Ilongga grandmother’s typhoon ritual: ‘The knife that cuts the wind’
ILOILO CITY—As Typhoon “Tino” (international name: Kalmaegi) whipped through Western Visayas in the morning of Nov. 4, Norma Molina Malte, 83, of Barangay Tabuc Suba, Jaro, performed a ritual that she has done since her youth—one rooted in an old Ilonggo belief about calming storms.
In a series of photos taken inside her modest home, Malte is seen sitting by her bedroom window, wrapping a kitchen knife in straw rope before carefully fastening it to the iron grill facing the outside. The knife’s blade points outward, seemingly poised to “cut through” the invisible chaos of the storm.
It took Malte about 10 minutes to secure the knife in place, a task she carried out with quiet determination while Tino’s wind was ready to rattle the curtains and rain was about to lash the windows.
Folk tradition
According to her, “During strong typhoons, when the wind grows fierce and restless, we place a knife outside the house to ‘cut’ or ‘break’ the circular motion of the wind. It helps calm the storm or lessen its force.”
Malte’s act echoes a folk tradition shared in many parts of the Philippines and other Southeast Asian countries—a belief that certain household objects, especially sharp metal tools like knives, can symbolically “slice” through dangerous weather.

She learned the practice from her own father.
Cultural scholars note that such rituals are a blend of indigenous animist practices and Catholic folk beliefs, where objects are believed to carry protective energy. In many Visayan and Tagalog households, residents still place knives, bolos or scissors by doors or windows during typhoons to ward off destructive winds or lightning.
In a 2019 feature by the National Museum of the Philippines, similar practices were described as part of “weather charms”—tangible acts of faith rooted in rural cosmology, often carried out by elders who witnessed the fury of typhoons long before modern forecasting existed.
Even in social media threads and community pages, people continue to share these customs. Some say the blade “frightens” the storm spirits; others believe it “cuts the eye of the typhoon”—a poetic metaphor for disrupting nature’s spiral of destruction.
Faith, habit, hope
To outsiders, it may seem like mere superstition. But for people like Malte, it is an act of care and control—a way to protect her home and loved ones when all she can do is wait and pray.

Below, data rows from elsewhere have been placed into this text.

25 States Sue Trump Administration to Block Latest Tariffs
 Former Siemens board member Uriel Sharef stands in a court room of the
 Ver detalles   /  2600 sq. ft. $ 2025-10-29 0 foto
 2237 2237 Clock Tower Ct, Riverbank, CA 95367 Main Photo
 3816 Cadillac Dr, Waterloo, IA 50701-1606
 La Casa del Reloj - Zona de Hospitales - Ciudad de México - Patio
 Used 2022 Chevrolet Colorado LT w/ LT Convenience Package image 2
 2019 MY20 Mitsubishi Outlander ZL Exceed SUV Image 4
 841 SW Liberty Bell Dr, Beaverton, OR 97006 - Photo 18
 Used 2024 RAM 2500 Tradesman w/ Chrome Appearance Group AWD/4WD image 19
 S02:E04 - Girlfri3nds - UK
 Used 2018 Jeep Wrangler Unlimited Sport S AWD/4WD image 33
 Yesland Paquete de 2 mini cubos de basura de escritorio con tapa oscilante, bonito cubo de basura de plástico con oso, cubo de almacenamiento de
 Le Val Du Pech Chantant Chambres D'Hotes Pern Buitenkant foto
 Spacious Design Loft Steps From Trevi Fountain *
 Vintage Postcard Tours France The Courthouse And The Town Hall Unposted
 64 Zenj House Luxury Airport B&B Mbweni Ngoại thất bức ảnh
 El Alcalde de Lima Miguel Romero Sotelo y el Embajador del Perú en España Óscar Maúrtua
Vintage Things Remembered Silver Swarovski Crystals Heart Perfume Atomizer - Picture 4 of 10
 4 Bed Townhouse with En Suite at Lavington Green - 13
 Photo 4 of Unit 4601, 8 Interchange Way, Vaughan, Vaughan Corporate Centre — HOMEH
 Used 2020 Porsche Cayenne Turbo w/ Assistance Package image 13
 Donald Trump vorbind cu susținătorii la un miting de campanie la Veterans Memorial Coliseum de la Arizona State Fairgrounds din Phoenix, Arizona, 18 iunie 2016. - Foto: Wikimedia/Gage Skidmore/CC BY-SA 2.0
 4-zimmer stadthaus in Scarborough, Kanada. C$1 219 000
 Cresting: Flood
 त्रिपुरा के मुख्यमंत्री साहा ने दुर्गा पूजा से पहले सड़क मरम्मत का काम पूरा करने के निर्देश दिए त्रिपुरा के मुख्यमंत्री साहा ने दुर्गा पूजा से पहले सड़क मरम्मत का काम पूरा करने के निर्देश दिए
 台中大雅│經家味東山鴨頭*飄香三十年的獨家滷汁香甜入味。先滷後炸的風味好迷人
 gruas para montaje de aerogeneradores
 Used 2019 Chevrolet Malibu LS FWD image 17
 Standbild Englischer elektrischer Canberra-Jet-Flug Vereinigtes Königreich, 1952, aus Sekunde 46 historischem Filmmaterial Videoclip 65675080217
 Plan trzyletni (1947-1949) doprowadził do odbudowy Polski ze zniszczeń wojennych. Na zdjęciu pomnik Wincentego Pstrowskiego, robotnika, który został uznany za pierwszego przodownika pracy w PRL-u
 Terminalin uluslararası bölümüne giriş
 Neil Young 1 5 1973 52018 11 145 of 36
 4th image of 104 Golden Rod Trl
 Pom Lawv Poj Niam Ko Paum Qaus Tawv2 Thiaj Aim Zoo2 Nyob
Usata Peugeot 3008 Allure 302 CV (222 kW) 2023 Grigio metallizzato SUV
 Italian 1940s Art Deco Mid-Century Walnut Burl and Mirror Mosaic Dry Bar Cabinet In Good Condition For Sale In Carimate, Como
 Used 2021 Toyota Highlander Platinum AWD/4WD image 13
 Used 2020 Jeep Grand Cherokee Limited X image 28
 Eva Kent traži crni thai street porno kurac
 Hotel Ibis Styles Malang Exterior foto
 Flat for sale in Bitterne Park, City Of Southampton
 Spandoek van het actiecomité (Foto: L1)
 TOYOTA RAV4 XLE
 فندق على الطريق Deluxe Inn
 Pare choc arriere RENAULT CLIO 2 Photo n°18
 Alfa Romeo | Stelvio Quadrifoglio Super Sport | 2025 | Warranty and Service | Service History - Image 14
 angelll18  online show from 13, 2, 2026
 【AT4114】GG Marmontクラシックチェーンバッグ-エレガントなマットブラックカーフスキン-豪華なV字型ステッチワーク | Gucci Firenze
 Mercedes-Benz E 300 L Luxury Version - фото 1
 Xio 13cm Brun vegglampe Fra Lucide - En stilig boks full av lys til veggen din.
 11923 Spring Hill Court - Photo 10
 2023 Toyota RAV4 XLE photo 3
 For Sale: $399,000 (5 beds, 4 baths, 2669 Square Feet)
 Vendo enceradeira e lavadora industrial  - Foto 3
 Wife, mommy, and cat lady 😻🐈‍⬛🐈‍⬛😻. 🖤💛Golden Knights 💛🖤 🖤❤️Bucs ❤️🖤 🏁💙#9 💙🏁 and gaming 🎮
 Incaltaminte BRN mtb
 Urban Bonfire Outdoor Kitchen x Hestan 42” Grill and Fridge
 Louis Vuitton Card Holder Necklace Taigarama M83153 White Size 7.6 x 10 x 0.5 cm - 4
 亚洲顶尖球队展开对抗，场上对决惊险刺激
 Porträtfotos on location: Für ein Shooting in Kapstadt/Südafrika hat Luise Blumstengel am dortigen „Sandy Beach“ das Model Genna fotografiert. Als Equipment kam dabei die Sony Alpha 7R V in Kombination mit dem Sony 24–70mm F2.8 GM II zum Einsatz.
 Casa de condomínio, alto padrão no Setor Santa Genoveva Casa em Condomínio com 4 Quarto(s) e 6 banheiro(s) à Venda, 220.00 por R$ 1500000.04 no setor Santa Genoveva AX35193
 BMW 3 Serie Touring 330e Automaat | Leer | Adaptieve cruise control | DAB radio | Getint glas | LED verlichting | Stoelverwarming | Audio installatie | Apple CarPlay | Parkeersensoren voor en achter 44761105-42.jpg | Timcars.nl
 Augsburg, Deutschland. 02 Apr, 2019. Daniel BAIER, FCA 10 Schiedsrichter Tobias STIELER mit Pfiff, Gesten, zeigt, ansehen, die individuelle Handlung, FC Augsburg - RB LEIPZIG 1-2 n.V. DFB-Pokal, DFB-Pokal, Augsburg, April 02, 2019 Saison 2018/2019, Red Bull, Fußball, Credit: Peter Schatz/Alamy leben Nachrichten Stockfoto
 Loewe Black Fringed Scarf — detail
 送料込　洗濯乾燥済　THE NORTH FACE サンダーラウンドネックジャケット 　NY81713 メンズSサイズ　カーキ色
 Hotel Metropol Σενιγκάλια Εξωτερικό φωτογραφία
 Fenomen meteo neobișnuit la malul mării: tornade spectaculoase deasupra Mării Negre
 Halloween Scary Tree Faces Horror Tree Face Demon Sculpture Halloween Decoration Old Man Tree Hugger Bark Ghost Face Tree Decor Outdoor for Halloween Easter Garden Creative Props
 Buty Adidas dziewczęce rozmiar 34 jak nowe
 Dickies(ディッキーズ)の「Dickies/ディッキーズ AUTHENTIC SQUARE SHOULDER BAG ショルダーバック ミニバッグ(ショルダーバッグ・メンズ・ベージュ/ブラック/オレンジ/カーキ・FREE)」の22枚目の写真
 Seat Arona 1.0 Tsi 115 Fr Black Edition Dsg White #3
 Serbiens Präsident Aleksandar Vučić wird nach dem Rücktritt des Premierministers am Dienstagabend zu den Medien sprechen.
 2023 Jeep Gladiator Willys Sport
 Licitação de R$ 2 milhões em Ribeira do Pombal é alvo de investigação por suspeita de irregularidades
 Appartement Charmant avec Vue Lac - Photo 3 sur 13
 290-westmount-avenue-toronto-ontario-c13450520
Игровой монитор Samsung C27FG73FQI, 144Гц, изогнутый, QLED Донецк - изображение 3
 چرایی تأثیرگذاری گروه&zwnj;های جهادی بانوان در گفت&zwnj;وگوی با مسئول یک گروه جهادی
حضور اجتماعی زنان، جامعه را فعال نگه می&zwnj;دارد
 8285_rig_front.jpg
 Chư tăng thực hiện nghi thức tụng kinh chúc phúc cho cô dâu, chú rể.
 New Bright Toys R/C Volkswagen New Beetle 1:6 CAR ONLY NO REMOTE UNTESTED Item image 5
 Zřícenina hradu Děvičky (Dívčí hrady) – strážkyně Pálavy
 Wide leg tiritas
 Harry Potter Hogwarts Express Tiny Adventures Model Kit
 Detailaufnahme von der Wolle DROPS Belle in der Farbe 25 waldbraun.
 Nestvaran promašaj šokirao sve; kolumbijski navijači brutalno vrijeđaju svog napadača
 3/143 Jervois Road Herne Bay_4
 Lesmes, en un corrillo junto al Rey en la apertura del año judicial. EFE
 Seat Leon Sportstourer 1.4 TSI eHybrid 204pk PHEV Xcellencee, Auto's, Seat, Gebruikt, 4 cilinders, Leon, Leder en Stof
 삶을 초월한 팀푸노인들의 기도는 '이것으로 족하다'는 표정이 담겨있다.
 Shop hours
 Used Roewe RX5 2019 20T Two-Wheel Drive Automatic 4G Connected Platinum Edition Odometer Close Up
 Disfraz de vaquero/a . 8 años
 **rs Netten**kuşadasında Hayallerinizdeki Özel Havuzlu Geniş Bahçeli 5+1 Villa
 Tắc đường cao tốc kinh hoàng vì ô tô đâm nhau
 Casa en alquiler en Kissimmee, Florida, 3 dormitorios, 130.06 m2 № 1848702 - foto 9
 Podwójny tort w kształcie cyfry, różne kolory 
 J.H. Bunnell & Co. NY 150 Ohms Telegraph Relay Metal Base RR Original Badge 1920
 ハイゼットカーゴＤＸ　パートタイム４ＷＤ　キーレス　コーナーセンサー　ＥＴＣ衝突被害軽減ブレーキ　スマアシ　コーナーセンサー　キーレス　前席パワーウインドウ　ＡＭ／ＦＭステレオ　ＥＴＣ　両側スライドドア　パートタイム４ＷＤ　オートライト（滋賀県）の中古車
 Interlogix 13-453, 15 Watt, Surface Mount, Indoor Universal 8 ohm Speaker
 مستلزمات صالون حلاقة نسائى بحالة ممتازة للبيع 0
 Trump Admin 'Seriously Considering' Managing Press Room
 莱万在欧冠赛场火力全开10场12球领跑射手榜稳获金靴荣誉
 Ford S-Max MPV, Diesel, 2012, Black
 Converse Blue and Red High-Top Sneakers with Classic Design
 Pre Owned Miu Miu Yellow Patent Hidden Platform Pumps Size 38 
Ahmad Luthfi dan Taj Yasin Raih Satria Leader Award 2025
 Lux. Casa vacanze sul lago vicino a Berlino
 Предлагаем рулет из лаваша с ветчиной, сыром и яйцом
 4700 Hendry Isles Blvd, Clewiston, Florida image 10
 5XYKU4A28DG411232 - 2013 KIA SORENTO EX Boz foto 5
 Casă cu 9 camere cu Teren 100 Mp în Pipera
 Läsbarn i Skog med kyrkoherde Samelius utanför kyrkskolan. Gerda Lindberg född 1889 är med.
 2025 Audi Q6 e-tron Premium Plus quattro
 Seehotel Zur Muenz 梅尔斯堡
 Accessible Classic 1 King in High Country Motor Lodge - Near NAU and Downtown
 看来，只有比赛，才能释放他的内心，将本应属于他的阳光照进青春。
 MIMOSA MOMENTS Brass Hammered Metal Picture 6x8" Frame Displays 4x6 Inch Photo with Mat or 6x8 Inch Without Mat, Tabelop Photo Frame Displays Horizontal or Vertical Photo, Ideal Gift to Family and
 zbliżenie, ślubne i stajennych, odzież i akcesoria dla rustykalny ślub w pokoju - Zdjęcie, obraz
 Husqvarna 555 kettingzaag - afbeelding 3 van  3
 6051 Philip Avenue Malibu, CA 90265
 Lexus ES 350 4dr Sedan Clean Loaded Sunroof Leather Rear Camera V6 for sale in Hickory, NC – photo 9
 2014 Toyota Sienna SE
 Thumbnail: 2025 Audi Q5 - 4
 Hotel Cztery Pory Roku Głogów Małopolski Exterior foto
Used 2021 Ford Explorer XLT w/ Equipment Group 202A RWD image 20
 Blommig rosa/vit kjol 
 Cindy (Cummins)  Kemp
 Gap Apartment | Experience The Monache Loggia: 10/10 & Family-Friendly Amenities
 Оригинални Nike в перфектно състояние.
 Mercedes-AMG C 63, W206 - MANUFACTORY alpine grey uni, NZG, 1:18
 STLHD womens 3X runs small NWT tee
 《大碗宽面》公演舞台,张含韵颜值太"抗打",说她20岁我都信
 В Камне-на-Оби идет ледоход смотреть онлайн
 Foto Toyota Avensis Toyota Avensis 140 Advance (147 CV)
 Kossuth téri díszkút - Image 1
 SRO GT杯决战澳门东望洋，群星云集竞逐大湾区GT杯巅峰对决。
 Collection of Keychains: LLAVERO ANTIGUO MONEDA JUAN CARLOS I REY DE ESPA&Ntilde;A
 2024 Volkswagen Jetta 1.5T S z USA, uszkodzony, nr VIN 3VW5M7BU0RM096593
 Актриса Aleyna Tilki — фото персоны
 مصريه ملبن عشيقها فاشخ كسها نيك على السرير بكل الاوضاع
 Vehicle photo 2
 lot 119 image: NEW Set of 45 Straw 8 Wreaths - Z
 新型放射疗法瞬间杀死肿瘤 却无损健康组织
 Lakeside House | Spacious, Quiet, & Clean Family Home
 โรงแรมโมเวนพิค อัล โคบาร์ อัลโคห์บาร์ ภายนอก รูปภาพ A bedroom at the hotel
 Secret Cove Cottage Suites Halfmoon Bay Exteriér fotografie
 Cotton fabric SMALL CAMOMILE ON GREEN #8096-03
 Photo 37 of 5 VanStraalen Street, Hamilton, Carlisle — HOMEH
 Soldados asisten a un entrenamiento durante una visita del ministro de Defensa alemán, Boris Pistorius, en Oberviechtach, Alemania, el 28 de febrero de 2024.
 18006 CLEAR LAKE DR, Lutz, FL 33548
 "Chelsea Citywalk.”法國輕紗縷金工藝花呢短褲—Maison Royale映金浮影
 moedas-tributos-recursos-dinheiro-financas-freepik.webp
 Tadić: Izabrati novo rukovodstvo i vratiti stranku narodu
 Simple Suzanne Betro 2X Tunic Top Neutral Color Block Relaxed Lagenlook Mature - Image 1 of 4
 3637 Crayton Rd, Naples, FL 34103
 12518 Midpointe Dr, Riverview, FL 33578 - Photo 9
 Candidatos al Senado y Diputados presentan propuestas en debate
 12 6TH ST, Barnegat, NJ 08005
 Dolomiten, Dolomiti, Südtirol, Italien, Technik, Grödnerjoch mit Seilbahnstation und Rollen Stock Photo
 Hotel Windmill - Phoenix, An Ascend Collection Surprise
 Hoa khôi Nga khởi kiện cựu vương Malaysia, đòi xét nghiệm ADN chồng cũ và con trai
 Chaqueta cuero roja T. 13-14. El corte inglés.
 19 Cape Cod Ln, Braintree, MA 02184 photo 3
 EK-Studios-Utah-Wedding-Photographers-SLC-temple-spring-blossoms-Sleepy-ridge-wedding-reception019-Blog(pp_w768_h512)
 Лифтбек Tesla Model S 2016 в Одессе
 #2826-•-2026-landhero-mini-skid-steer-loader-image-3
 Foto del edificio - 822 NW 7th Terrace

As she finished tying the yellow plastic around the knife, she murmured a quiet prayer. “Wala man malain if magpati kita (We will lose nothing if we do this) even if it seems ‘impossible.’”

In that small act—a knife tied to a window, a grandmother’s hands trembling with both age and faith—is a story of how Filipinos face every storm: with belief, resilience and the hope that even the fiercest wind can be tamed by love and tradition.